Anyway, Luke's version: Cesar orders what is called a tax by the KJV, and a census by many of the other translations. For some bizarre reason, he orders everybody back to their home cities to register for this event. What a logistical nightmare!

Joseph is a descendent of David, so he needs to go back to Bethlehem to register, along with Mary, who is now heavily pregnant. When they arrive, there is no room at the inn because of the crazy logistical nightmare that would so obviously be created by forcing everyone to return to their ancestral homes to register for a tax, so like every bad sitcom ever, Mary goes into labour. And like every sitcom ever, she gives birth in the barn and lays the kid out in a manger.
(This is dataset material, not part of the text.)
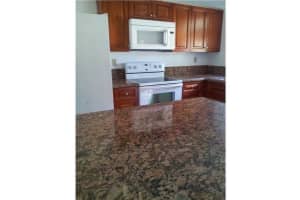 8613 Sw 148 Pl 0, Miami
Meanwhile, out in a field somewhere, an angel, probably Gabriel, because he's the only one, appears to some shepherds and tells them a miracle has happened in Bethlehem and to go there and worship the baby in the manger. So they go, and after figuring out the mix-up with Brian, they find the proper baby and start worshipping him.

Eight days later, Jesus is circumcised and named. A couple of weeks after that, Mary is ready to sacrifice her two turtledoves or pigeons and they start off for home. No word on whether they've spent this entire time in the barn with their kid sleeping in a food trough.
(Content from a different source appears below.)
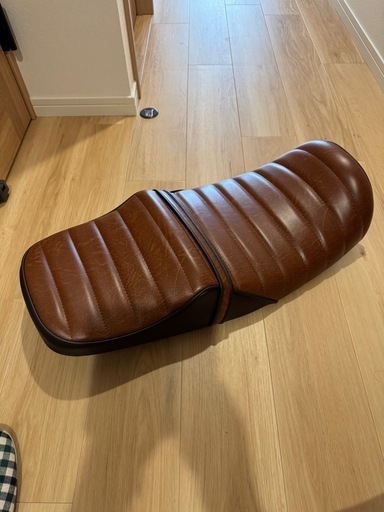 ＣＢ４００ＳＦ　ＮＣ３９ほぼ未使用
Rather than going straight back to Nazareth like any sane new mother would want to do, Mary and Joseph head to Jerusalem to do more new-baby things. Waiting for them is a crazy person named Simeon, who has been told that he will not die until he sees the Messiah. He grabs the baby and calls him a miracle, then goes off to die happy.

Next up on the crazy train is a prophetess named Anna, who also pronounces the baby the saviour. Mary, it should be mentioned, is lapping all this up, but what parent in history wasn't convinced that his or her kid wasn't a Messiah/Michelangelo/Mozart/miracle?

Finally, finally, Joseph and Mary are able to head back to Nazareth for some peace and quiet. And again like a bad sitcom, Jesus grows up in one verse. We next see him 12 years later in Jerusalem, where he is at the family Passover feast. Now, despite church teaching that Mary stayed a virgin all her life and Jesus had no siblings, they somehow manage to leave him behind. And then they don't notice for an entire day. Parents of the year, those two.

After three days of frantically calling relatives, they finally find him in the temple. They scold him for making them worry, but Jesus, clearly already a smart-mouth, replies How is it that ye sought me? wist ye not that I must be about my Father's business? (v. 49) They're too tired to argue, so they simply take him back to Nazareth, where he continues to be too big for his britches.